FAY GRIM, a comedy thriller sequel to Hal Hartley’s 1998 HENRY FOOL, tells how Henry Fool and his wife or lover, Fay, become pawns in a complex espionage game among Western nations, the evil United States government, Israel, and Muslim terrorists. After some entertaining, mysterious intrigue, the movie degenerates into an anti-American conspiracy movie where Muslim terrorists are more sympathetic than the U.S. and Israel.
The liberal left today often protests that its opposition to the Bush administration’s policies on Islamic terrorism are not anti-patriotic or pro-terrorist, but in practically every movie they make about the subject since 9/11 (including the acclaimed MUNICH), the Muslim terrorists seem to be portrayed as more sympathetic than those fighting them. Such is the case with FAY GRIM, independent filmmaker Hal Hartley’s comedy thriller sequel to his 1998 movie HENRY FOOL.
The sequel focuses on Fay Grim, a single mother in Queens who doesn’t want her teenage son to grow up like his father, the notorious Henry Fool. As chronicled in the first movie, Fay’s brother Simon is a controversial poet who became famous due to Henry and Fay. Simon helped his mentor Henry, a fugitive accused of pedophilia, to escape overseas. Consequently, Simon himself has been imprisoned.
Inexplicably, an earnest CIA agent named Fulbright shows up on Fay’s doorstep and draws her into a game of international espionage to recover Henry’s life writings, a series of journals known as his “Confessions.” The writings supposedly contain coded, classified information that several other countries want, including Israel. Fay agrees to help Fulbright if Fulbright will help get Simon out of jail.
After some entertaining, mysterious intrigue in Paris, viewers learn that a Muslim terrorist leader named Khan is hiding Henry in Turkey. Both Henry and Fulbright worked with Khan in Afghanistan when the United States tried to free that country from Russian Communist domination by working with Muslims.
This is where the movie turns into an anti-American, left-wing conspiracy movie. In fact, the Muslim terrorist and one of his thugs come across as more sympathetic than the devious CIA agent, the U.S. government, and Israel and its spy on the scene. In other words, the violent, insane ramblings of Mohammed and his followers are not the big threat, America and Israel are. What of Henry Fool, the accused pedophile? Why, he is just some kind of left-wing patriot trying to expose the secrets and dirty dealings of America and the West in his writings. Of course, the sequel never mentions that, in the first movie, Henry was accused of pedophilia or that he fornicated with both Fay and her mother. Apparently, Hartley wants to hide these awful sub-plots under the rug for some reason. How convenient.

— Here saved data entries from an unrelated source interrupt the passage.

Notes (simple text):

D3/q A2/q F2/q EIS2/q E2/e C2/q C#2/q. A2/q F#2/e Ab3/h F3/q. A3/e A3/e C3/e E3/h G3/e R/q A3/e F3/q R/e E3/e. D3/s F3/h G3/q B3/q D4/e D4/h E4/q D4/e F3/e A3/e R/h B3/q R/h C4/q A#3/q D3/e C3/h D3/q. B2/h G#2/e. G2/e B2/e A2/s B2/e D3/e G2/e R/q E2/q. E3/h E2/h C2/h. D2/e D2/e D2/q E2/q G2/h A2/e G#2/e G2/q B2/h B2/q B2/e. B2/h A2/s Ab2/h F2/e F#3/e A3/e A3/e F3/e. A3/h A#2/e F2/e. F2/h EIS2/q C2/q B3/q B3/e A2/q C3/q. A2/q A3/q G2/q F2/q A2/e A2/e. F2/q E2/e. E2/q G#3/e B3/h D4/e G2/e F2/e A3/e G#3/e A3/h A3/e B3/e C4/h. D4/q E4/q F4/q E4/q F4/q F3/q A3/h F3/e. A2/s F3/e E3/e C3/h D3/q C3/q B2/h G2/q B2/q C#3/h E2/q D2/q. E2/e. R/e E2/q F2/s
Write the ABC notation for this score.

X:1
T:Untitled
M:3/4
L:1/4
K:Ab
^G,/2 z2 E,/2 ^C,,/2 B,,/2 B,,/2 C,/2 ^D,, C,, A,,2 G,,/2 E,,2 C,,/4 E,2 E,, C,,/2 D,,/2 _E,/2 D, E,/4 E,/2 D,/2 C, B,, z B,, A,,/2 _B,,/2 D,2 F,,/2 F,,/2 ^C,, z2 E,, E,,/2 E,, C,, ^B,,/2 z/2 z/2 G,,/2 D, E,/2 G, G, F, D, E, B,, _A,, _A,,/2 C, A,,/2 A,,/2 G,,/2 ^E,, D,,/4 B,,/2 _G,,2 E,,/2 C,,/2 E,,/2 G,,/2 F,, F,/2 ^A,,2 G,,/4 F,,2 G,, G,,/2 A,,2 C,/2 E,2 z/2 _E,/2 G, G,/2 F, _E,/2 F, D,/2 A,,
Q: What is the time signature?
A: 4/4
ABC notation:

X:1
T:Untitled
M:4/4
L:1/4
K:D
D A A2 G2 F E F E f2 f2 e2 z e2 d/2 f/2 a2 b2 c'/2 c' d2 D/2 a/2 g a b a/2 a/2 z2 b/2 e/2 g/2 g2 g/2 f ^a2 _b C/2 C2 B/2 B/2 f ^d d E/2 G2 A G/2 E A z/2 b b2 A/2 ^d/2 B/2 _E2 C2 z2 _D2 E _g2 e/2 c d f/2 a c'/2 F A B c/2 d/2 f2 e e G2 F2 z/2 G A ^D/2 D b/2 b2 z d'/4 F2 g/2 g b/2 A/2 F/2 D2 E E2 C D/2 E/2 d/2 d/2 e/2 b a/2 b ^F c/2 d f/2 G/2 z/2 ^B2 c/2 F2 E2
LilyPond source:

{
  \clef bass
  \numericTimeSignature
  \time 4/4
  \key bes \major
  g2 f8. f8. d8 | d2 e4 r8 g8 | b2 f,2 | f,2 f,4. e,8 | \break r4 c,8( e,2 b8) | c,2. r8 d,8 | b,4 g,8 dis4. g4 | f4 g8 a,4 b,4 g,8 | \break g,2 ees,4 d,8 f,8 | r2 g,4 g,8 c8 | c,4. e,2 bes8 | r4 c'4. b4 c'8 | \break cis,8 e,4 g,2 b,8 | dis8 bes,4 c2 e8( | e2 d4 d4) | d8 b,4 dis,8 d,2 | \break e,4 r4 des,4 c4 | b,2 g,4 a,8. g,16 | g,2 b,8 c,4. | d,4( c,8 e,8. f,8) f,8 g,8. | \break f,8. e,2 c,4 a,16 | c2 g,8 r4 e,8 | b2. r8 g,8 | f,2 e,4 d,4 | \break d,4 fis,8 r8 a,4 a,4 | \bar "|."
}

FAY GRIM would have been much more entertaining without Hartley’s cliché left-wing propaganda, which never makes much sense in the movie, but once again exposes the radical mindset that Hartley obliquely revealed in the first movie, HENRY FOOL. Apparently, one of the characters in the first movie is a right-wing activist who beats his wife and child. After FAY GRIM, Hartley’s radical left-wing agenda couldn’t be more clear. The grace of God through Jesus Christ, however, has been known to turn around many an anti-Christian bigot and many a socialist radical. Pray that it be so in Mr. Hartley’s case.
FAY GRIM, a comedy thriller sequel to Hal Hartley’s 1998 HENRY FOOL, focuses on Fay Grim. A single mother in Queens, Fay doesn’t want her teenage son to grow up like his father, the notorious Henry Fool. Fay’s brother Simon, a controversial poet who became famous, helped his mentor Henry escape overseas, a fugitive from a pedophile charge. Consequently, Simon himself has been imprisoned. Inexplicably, an earnest CIA agent named Fulbright shows up on Fay’s doorstep and draws her into a game of international espionage to recover Henry’s life writings, a series of journals known as his “Confessions.” The writings supposedly contain coded, classified information that several other countries want, including Israel. After some entertaining intrigue, viewers learn that a friendly Muslim terrorist is hiding Henry.
Eventually, FAY GRIM turns into an anti-American, left-wing conspiracy movie. The Muslim terrorists are portrayed more sympathetically than the devious CIA agent, the U.S. government, and Israel and its spy. In other words, the violent, insane ramblings of Mohammed and his followers are not the big threat, America and Israel are. FAY GRIM would have been more entertaining without Hartley’s cliché, confused left-wing propaganda.